Çalıştığı için; çocuğunu evde bir yabancı ile bırakan annelerin yaşadığı kaygılar ,”Çocuğuma nasıl bakılıyor? Bakıcı iyi davranıyor mu? Medyada gördüğümüz kötü davranış şekilleri benim çocuğuma da uygulanıyor mu?” dur. Çalışan anneler aynı zamanda , çocuğumla yeterince ilgilenemiyorum duygusu yaşamakta,bazen her şeyi göze alıp işten bile ayrılabilmektedirler.Buda daha sonra annelerin daha alt pozisyonlarda işe başlamasına,iş bulamamasına ,ekonomik zorluklara neden olabilmektedir.
İdeal olan annelerin yarı-zamanlı işler bularak oralarda çalışmaları ve çocuklarını üç yaşına kadar kendilerinin büyütmesidir.
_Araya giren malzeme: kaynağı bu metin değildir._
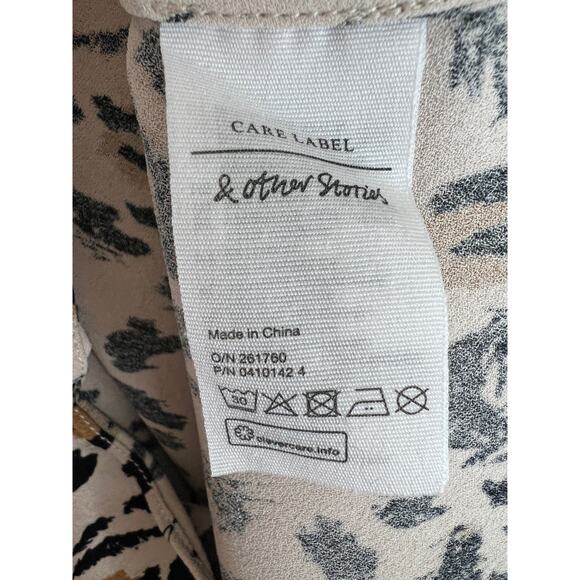 & Other Stories Cream Black Leopard Print Long Sleeve Womens Keyhole Top Size 8 - Picture 10 of 11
Bunun ülkemiz şartlarında çok zor olduğunu düşünürsek, çalışan annelerin çalıştıkları için üzülmemelerini ancak çocuklarıyla geçirdikleri kaliteli zaman dilimine dikkat etmelerini ,bunu sağladıkları zaman çocuklarının gelişimlerine katkıda bulunduklarını söyliyebiliriz.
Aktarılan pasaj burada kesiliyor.